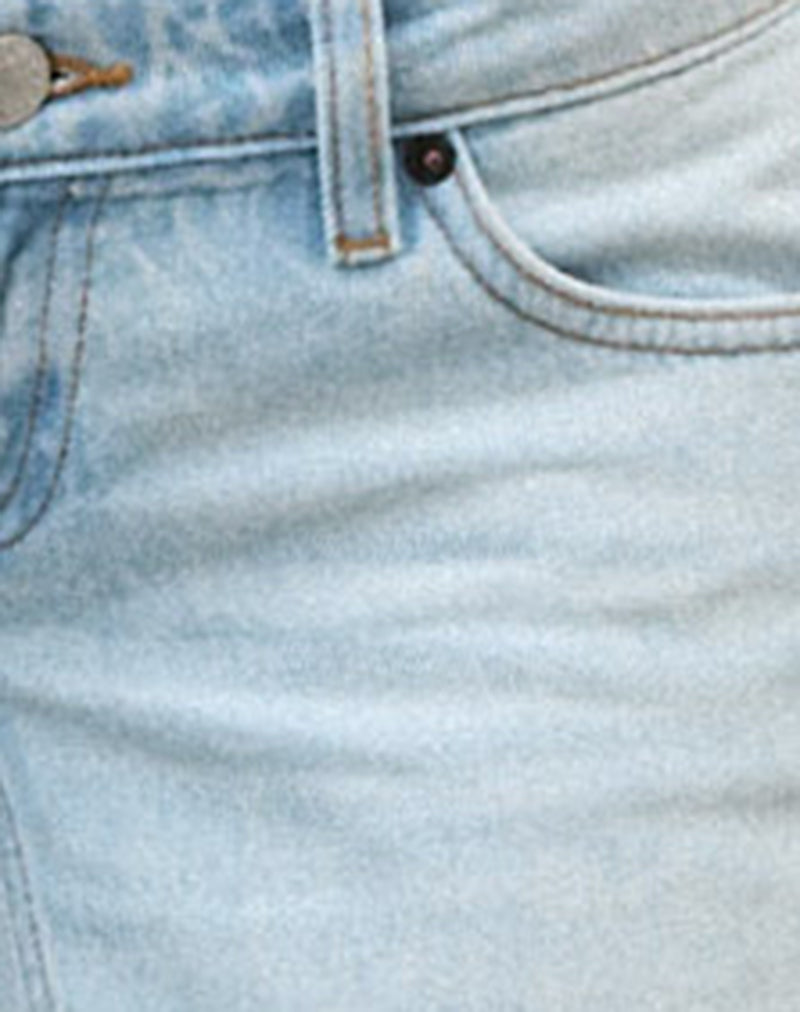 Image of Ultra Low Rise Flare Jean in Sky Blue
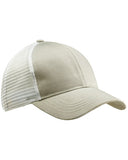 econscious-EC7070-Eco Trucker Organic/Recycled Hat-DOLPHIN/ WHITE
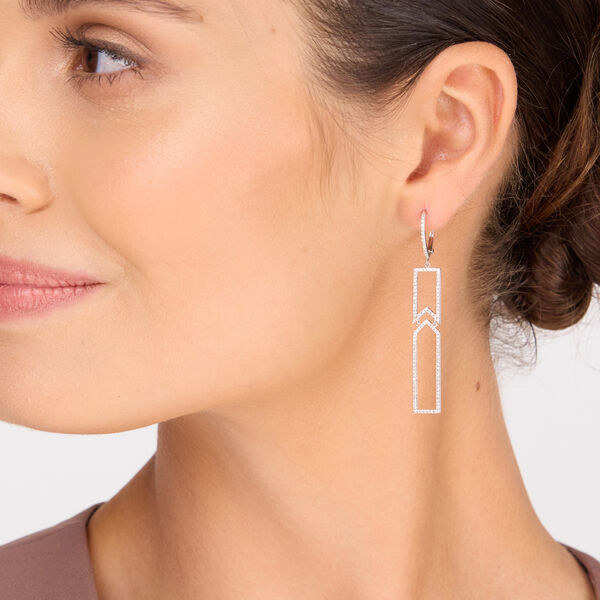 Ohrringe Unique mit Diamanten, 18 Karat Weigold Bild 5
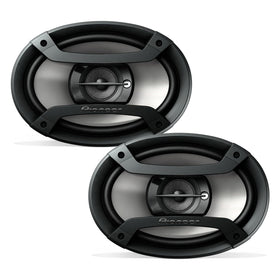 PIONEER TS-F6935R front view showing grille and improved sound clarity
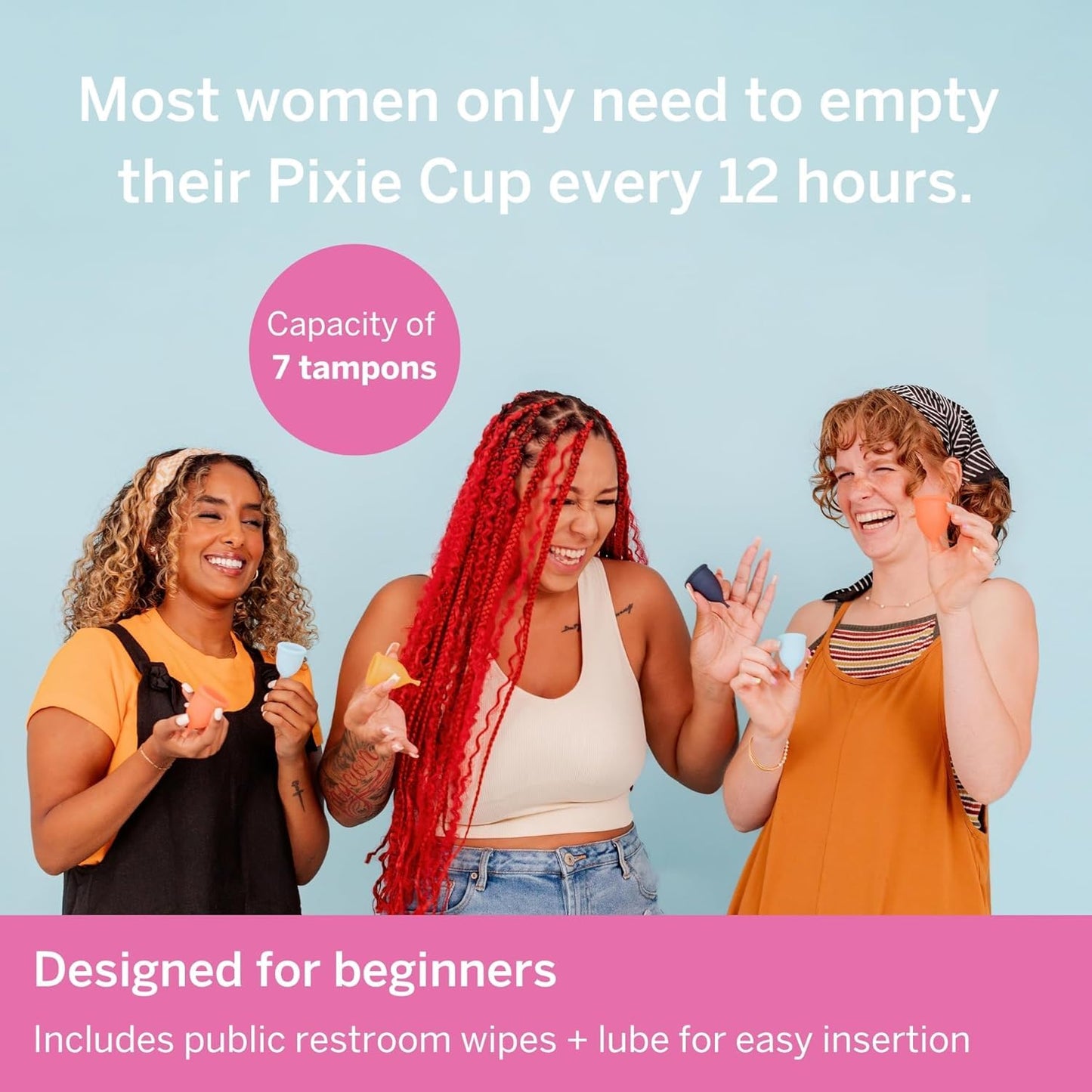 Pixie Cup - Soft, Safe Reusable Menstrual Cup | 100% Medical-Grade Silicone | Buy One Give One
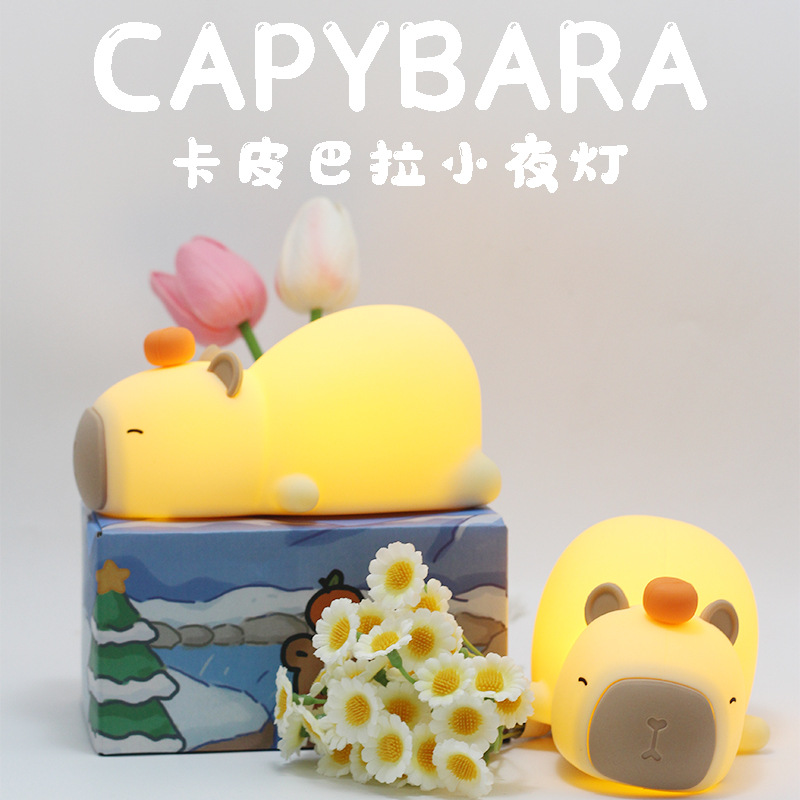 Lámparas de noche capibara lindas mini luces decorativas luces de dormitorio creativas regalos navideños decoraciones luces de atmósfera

------

THE PROBLEM:
Set down, word for word, the line that holds "PIONEER TS-F6935R front" and all lines after it to the end of the entries above, but not the pictures.

RESULT:
 PIONEER TS-F6935R front view showing grille and improved sound clarity
 Pixie Cup - Soft, Safe Reusable Menstrual Cup | 100% Medical-Grade Silicone | Buy One Give One
 Lámparas de noche capibara lindas mini luces decorativas luces de dormitorio creativas regalos navideños decoraciones luces de atmósfera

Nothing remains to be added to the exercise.